Let’s just take one example, the current rage over generative adversarial models or GANs. There are close to 500+ papers on this topic, and almost 3 dozen variants of GANs with more appearing every week. However, there are barely any papers that show 1) whether GANs will converge reliably when trained (the original GANs do not!) 2) what the sample complexity of GANs are (no one knows) 3) what GANs can and cannot do. There’s as far as I know 1–2 papers that attempt to give a theory of GANs, a particularly nice paper by Sanjeev Arora and colleagues, which is largely a negative result. It shows that the original GAN model does not converge, but that a modified multiple generator/multiple discriminator model might converge, in a very weak sense. Yet, this has not dampened any of the excitement about this model, far from it.

There’s also a collective sense of loss of reality when folks get excited about models like GANs. These models taken thousands and thousands of iterations to converge (when they do, and often, they don’t), and each iteration requires many many passes through the data. At the end of the day, you burn through millions of CPU cycles, and you have to wonder whether after burning all that energy: is the game worth the candle? Where’s all this energy getting us? is it leading us to a solid scientifically based theory of how to build a theory of unsupervised learning? The vast majority of GAN papers are largely empirical, showing cute pictures of what a variant of GAN can do, but the metrics are often either non-existent or somewhat artificial.

So, many of us in the field indeed do look forward to a life beyond deep learning, where we can not only build impressive empirically substantiated learning systems, but also have a solid theory underlying it.
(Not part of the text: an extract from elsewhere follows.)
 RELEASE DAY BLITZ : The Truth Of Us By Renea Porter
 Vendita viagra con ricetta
If you want an example of a truly “deep” science, look no further than this year’s Nobel prize for the design of LIGO detectors, capping a 100 years of effort to detect gravitational waves from Einstein’s general relativity theory. We can now detect collisions among black holes 2 billion light years away releasing more energy in one collision than all the energy from all the stars in the observable universe. And there’s a very substantial amount of nontrivial mathematics that went into the building of the LIGO detectors and in advances in general relativity theory.

That’s what a true “deep” learning theory should look like. I am confident that one day, machine learning will get there, but it will take many years of effort, and physicists provide us with an inspiration of what can be achieved.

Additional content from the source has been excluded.